=== What you have to do ===
Reproduce every entry below exactly, minus the pictures.

Recorded data:
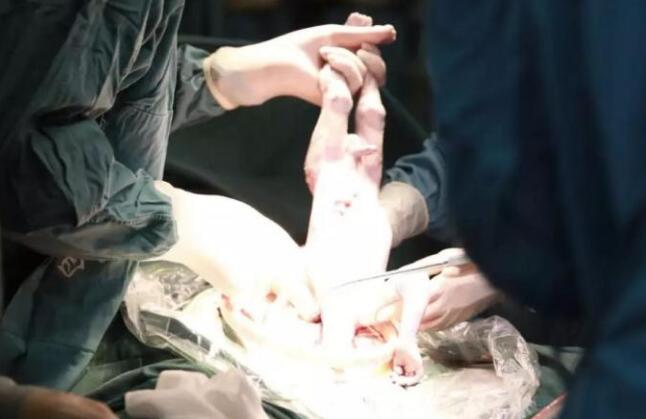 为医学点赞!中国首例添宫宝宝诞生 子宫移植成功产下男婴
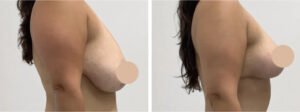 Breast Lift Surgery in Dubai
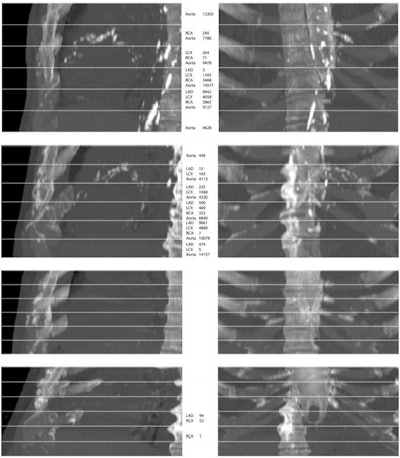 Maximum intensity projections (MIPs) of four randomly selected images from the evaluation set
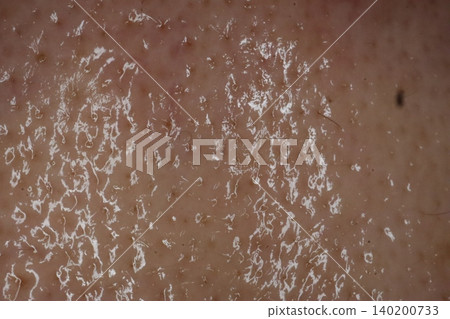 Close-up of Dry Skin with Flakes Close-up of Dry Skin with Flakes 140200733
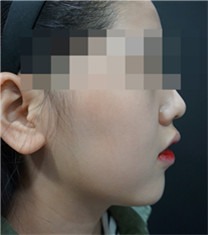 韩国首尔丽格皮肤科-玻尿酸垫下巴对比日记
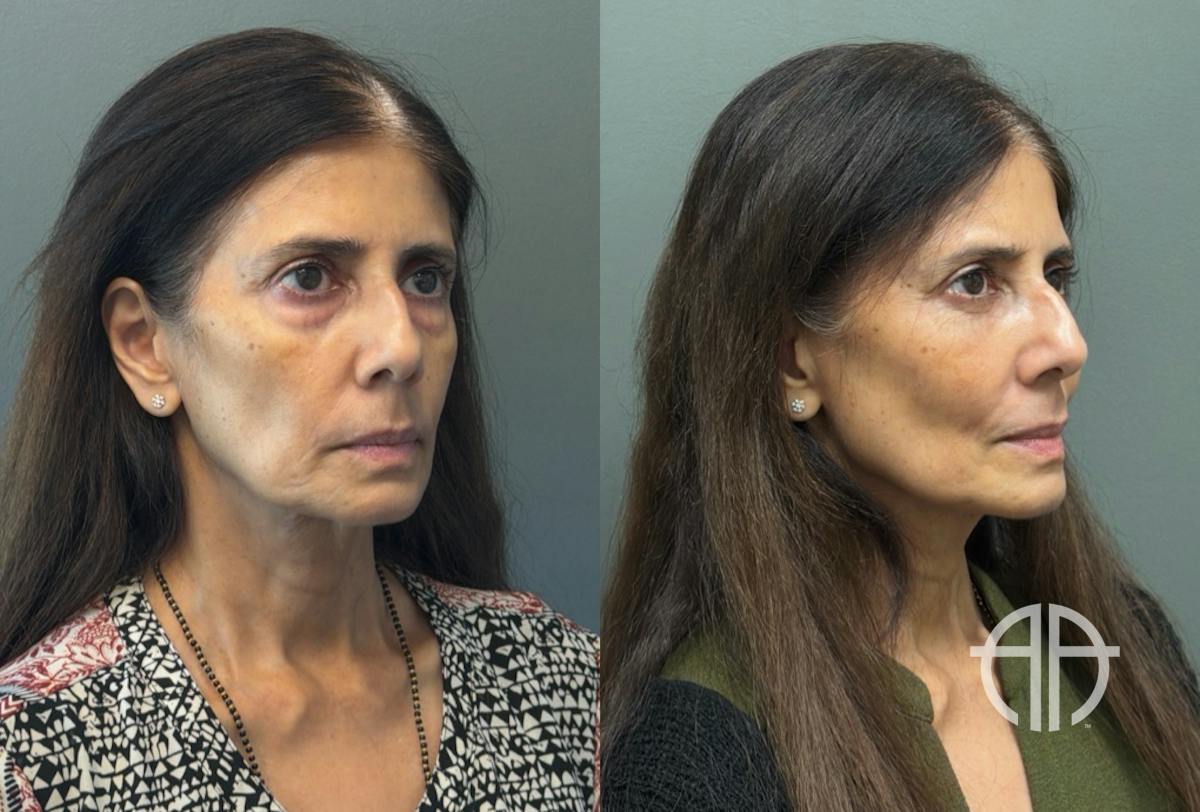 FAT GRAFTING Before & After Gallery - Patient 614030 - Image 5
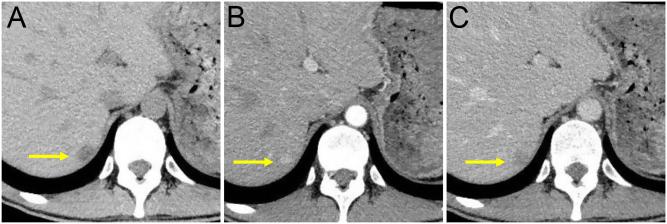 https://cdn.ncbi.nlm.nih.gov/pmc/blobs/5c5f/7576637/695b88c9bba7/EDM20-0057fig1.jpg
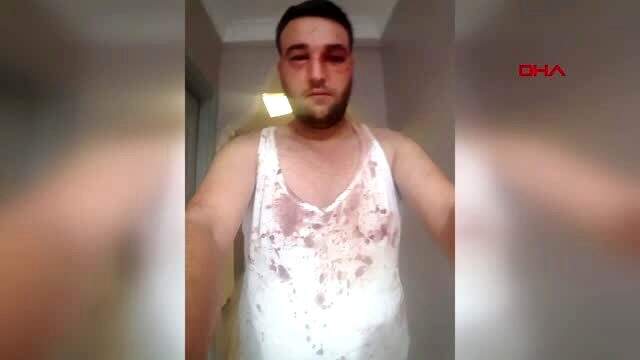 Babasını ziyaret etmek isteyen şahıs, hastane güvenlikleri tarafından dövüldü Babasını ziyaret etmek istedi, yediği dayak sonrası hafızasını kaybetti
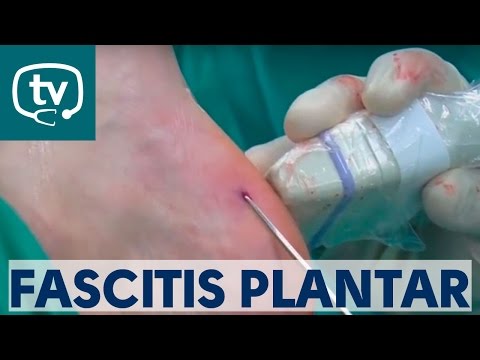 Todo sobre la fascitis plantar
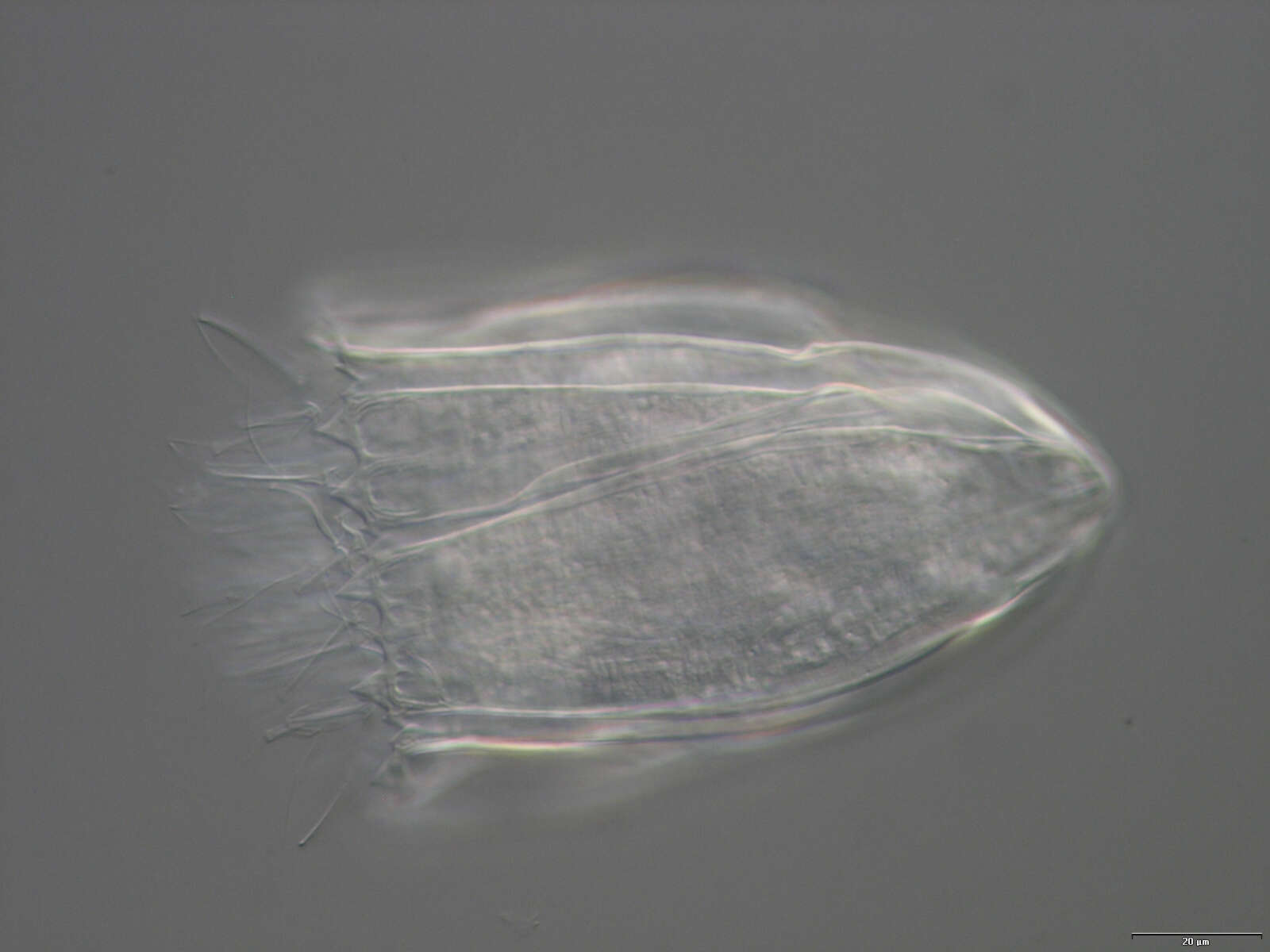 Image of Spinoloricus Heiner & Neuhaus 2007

=== Exercise answer ===
 为医学点赞!中国首例添宫宝宝诞生 子宫移植成功产下男婴
 Breast Lift Surgery in Dubai
 Maximum intensity projections (MIPs) of four randomly selected images from the evaluation set
 Close-up of Dry Skin with Flakes Close-up of Dry Skin with Flakes 140200733
 韩国首尔丽格皮肤科-玻尿酸垫下巴对比日记
 FAT GRAFTING Before & After Gallery - Patient 614030 - Image 5
 https://cdn.ncbi.nlm.nih.gov/pmc/blobs/5c5f/7576637/695b88c9bba7/EDM20-0057fig1.jpg
 Babasını ziyaret etmek isteyen şahıs, hastane güvenlikleri tarafından dövüldü Babasını ziyaret etmek istedi, yediği dayak sonrası hafızasını kaybetti
 Todo sobre la fascitis plantar
 Image of Spinoloricus Heiner & Neuhaus 2007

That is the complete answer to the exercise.